Отец Томмазо внимательно следил за каждым моим действием. Непонятно было, осуждает он мою стратегию или ободряет, скорее всего, одобряет, иначе бы приказал остановить бой. Поманил пальцем Клеща, сказал что-то. Клещ шагнул ко мне и сказал негромко, но так, чтобы все слышали:
— Добей его уже наконец, Сенеген, не тяни.
Я перехватил меч так, чтобы было удобнее снести Шлюмберже башку, но тот опередил меня:
— Сдаюсь, сдаюсь… пожалуйста, хватит… остановись…
Клещ крикнул:
— Поединок завершён!
Ну и слава Богу. Наёмники обступили хозяина, а я отошёл к Гуго.

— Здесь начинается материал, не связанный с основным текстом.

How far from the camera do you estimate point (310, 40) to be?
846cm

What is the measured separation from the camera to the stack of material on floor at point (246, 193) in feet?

— Хорошим приёмом вы его свалили, господин, — то ли похвалил, то ли позавидовал сержант. — Слили его удар, а потом шаг и укол. Мы такой приём не тренировали.
Я принял из рук Перрин кувшин с водой, половину выпил, половину вылил на себя. Холодная вода растеклась по телу ручейками, остужая кожу и нервы.

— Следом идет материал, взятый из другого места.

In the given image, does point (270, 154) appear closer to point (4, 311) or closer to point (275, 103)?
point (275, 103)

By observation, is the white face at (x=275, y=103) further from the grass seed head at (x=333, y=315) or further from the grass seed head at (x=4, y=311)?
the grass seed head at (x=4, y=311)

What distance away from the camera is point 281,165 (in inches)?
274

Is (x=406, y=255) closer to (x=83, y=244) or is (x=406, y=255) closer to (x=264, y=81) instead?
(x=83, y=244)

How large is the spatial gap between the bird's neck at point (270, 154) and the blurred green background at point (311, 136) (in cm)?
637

— По-итальянски это звучит как Colpi di Villano. Удар простака. На него всегда натыкаются те, кто о себе слишком высокого мнения. Потом я покажу тебе нюансы, чтобы ты тоже сбивал с них спесь.
— Спасибо, господин.
В ворота забарабанили чем-то тяжёлым, и с улицы долетело требование:
— Открывай!
Голос показался знакомым. Я двинулся к воротам, но отец Томмазо остановил меня и сделал знак Чучельнику. Тот сдвинул запор, створы стремительно распахнулись и во двор ввалилась городская стража. Стало ещё теснее, наш маленький дворик никогда не видел столько народу. Вперёд протиснулся знакомый лейтенант. Не знаю, что он собирался увидеть, но точно не валяющегося на земле Шлюмберже и меня живого и здорового. Шлюмберже стонал, наёмники пытались хоть как-то перевязать его раны. Лейтенант налился краской и, указывая на меня пальцем, прохрипел:
— Ты-ы-ы!‥ Как ты посмел…
Закончить фразу он не успел, потому что отец Томмазо поднялся со стула и в своей обычной тихой манере спросил:
— В чём дело, сын мой?
Увидеть главного инквизитора лейтенант тоже не ожидал. Он поперхнулся, глазки нервно забегали. Ситуация явно была не такой, каковой должна быть. Ладно хоть догадался поклониться.
— Монсеньор… я слышал… мне передали… что в этом доме настоящее сражение. Это недопустимо. Наш город…
— Долго же ты шёл, сын мой. Сражение давно завершилось, напавшие, — он кивнул на Шлюмберже, — повержены. Тебе остаётся только арестовать выживших и забрать тела павших.
— Да, монсеньор, я так и…
Лейтенант скользнул по мне взглядом, и повернулся к наёмникам.
— Положите оружие. Каждый, кто посмеет сопротивляться, будет убит на месте.